# R Hackathon 1/Trait Evolution SG

From Phyloinformatics

Revision as of 16:37, 24 January 2008 by Lukeh@uidaho.edu (talk)

- Participants: Harmon, Hipp, Hunt

## Targets.

- Compare various implementations of the same methods (ape, geiger, OUCH, Mesquite)
- Improve functionality of character fitting in r
- Identify gaps in current implementation

## Accomplishments.

- Evaluated the results of continuous character analyses in different packages
- Packages are mostly consistent
- Discrepancies come from two sources:
- Different approaches (e.g. marginal versus joint likelihood)
- Difficulties in finding the ML solution

- For continuous characters:
- geiger and OUCH tend to return the same parameter estimates
- But they return different likelihoods

- For discrete characters
- geiger and mesquite are consistent, returning the same parameter estimates and likelihoods
- geiger and ape are different
- ape is reporting the joint likelihoods for ancestral states. This uses the single set of ancestral states that together result in the highest likelihood on the whole tree.
- mesquite and geiger use marginal likelihoods for ancestral states.
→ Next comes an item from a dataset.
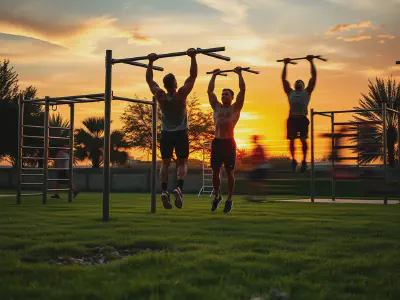 Mastering Advanced Calisthenics: Your Ultimate Workout Routine Guide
This represents the likelihood averaged over all possible ancestral character state values.
- This also means that you get different ancestral state reconstructions from ape and mesquite

- Improved functionality
- geiger was modified to give more reliable results by a more thorough search of the likelihood surface (fitContinuous)
- geiger can deal with a more general set of discrete character models (fitDiscrete)
- geiger's tree transformations now work for nonultrametric trees

- Identify gaps in current implementation
- The main gap, from an end-user perspective, is obtaining estimates of ancestral character states in r
- ape does this, but only for joint likelihoods, and the function sometimes has trouble finding the ML solution
- There is no way to get marginal ancestral character states for discrete characters in r other than interfacing with Mesquite

## To do

- Implement "white noise" model in geiger's fitContinuous
- Investigate statistical properties of these methods
- Which models can we tell apart?
- How much data is needed?
- Are parameter estimates biased?